Bob Dylan is currently promoting his album Rough and Rowdy Ways, featuring the epic “Murder Most Foul” — a deconstruction of the John F. Kennedy assassination and the broader 1960s era.
The pushback on Dylan happened amid the Cold War contention between the now long-gone USSR and the US. I Photo: Xavier Badosa Flickr
While the song reconstructs the world of the ‘60s, it also, with its allusions to sinister forces at play, is very much a song of the moment.
The irony in all this is that documents buried in the archives detail how Dylan himself was a target of a secret government program during that period, as reported by Aaron J. Leonard for Truthout.
On November 22, 1963, President John F. Kennedy was assassinated.

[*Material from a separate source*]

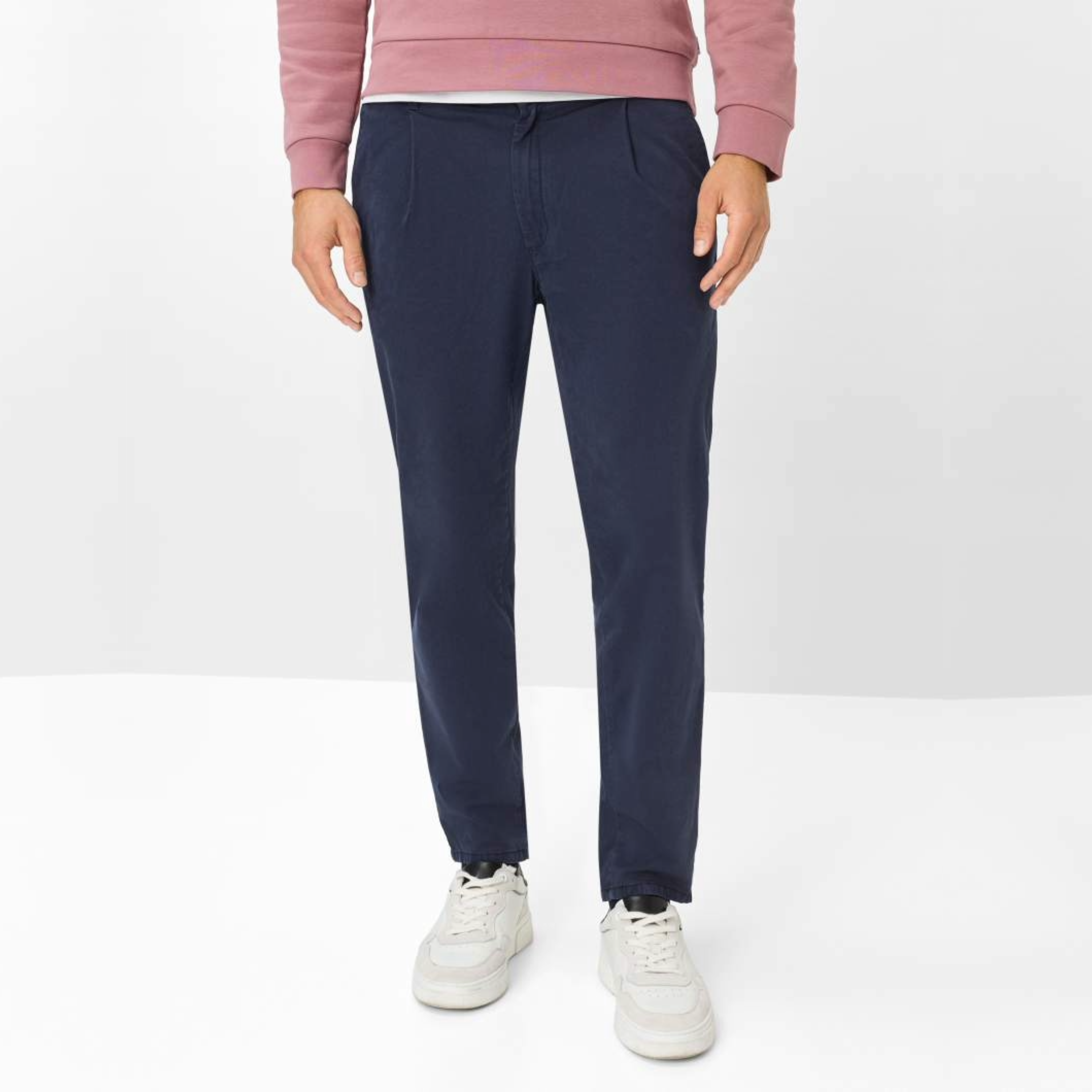 Brax Tino Relaxed Fit Chinos - Navy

On December 13 of that year, the Emergency Civil Liberties Committee (ECLC) — an advocacy group for constitutional rights, with considerable Communist Party influence — held its annual Bill of Rights Dinner.
The event aimed to honor people it considered at the forefront of the fight for civil liberties. One of those up for an award was Bob Dylan.

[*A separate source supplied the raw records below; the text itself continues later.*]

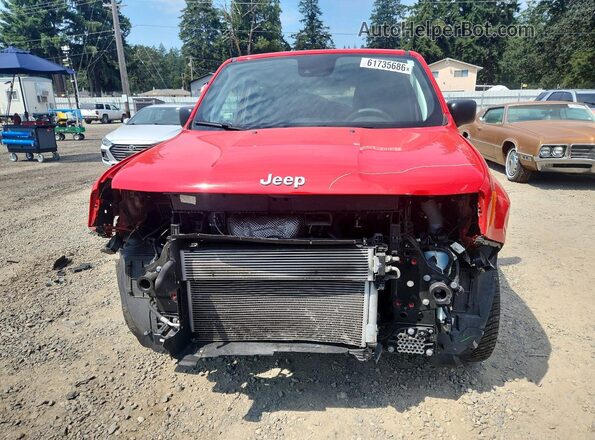 ZACNJDAB4MPN13842 2021 JEEP RENEGADE Red Front view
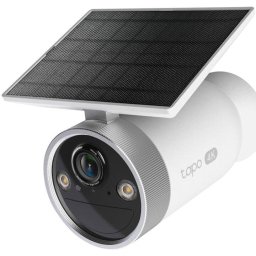 Kit camera de supraveghere cu panou solar TP-Link Tapo C465, 8MP, 4K, 3840x2160, 18x zoom digital, Starlight Color Night Vision, Two-Way Audio, Detectie AI, alarma, acumulator, montare fara cabluri, baterie 7800mAh, IP65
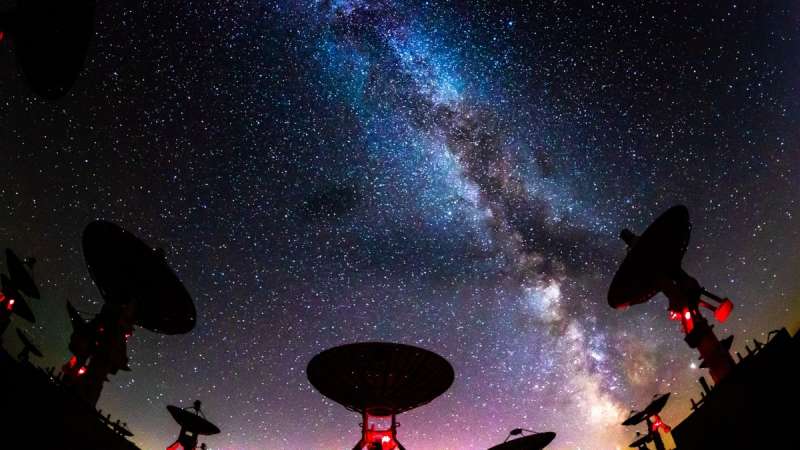 SEGNALE RADIO PROVENIENTE DALLA VIA LATTEA CAPTATO IN AUSTRALIA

In accepting the honor, Dylan said, “I have to admit that the man who shot President Kennedy, Lee Oswald, I don’t know exactly where — what he thought he was doing, but I have to admit honestly that I too — I saw some of myself in him. I don’t think it would have gone — I don’t think it could go that far. But I have to stand up and say I saw things that he felt, in me — not to go that far and shoot.”

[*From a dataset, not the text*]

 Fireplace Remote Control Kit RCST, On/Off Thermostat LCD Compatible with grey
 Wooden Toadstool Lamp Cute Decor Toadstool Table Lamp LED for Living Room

This statement became the basis for the FBI to monitor Dylan and his then-girlfriend Suze Rotolo, whose father was a labor organizer, and link them to the Communist Party of the USA, the ECLC, and unleash tirades against the folksinger through FBI agents who also worked as syndicated and magazine writers.
The pushback on Dylan happened amid the Cold War contention between the now long-gone USSR and the US.
“Putting aside for the moment the fascistic politics percolating across the US, one need look no further than the current calls and actions to suppress those standing with the people of Gaza to see how fraught the current landscape is,” Leonard wrote.
If the Bob Dylan of today is writing songs about a dark turn of events in the US — or as Dylan writes in “Murder Most Foul,” the place where faith, hope, and charity die — he is only expanding on a narrative that has been in play for a considerable amount of time.